La profession plutôt mitigée
Comme souvent, ce qui est nouveau effraie la profession. Les réactions recueillies sur notre page Facebook se sont même parfois voulues épidermiques. « Je trouve cela plutôt dangereux de faire l’amalgame entre vie réelle et vie virtuelle », explique Charlène. « Dans un premier temps, l’élève va se croire compétent puis va vite déchanter une fois en circulation », estime pour sa part Julien. Certains ont peur de cet outil « marketing », peur qu’il ne remplace, à terme, la formation du conducteur, ou du moins qu’il minimise son importance.
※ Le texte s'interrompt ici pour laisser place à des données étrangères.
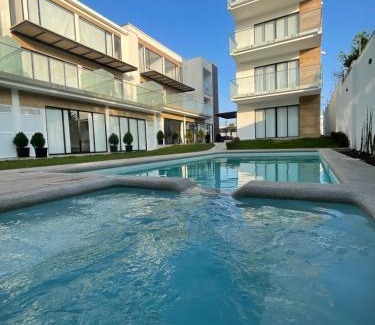 Salinas Apartment | Suite Nueva Salinas-Chipipe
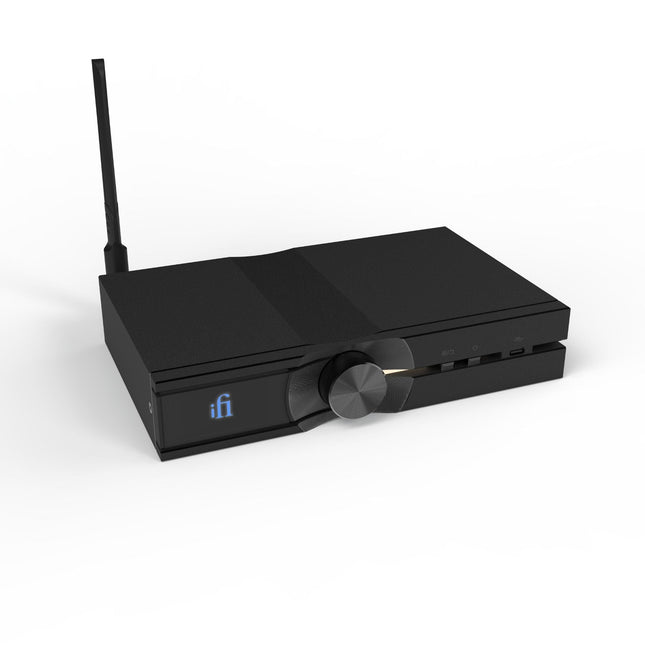 Streamer iFi Audio NEO Stream 3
Chez ECF pourtant, on assure vouloir en faire un outil de « complément », économique pour l’élève. Il s’inscrit d’ailleurs, selon Bruno Garancher, « dans la démarche du REMC (Référentiel pour l’éducation à une mobilité citoyenne), dans le sens où il inclut la notion de partage d’expérience, notamment s’il est utilisé en séance de groupe à l’auto-école ». Du côté de la start-up, on assure avoir voulu trouver le bon intermédiaire entre le côté « game » et le côté « serious ». « Il ne fallait pas que ce soit ennuyeux, pour que les élèves aient envie d’y passer plusieurs heures, à répéter les séquences, et de ce côté-là c’est plutôt réussi, souligne Olivier Mauco, directeur de recherche et de développement. Et pour la partie pédagogique, on a voulu que ce soit très progressif, en mettant des verrous, afin qu’une séquence soit validée avant de passer à la suivante. » The Good Drive sera amené à évoluer en fonction des remarques des utilisateurs. Reste à savoir, maintenant, l’impact que le serious game pourrait avoir sur la formation et la sécurité routière...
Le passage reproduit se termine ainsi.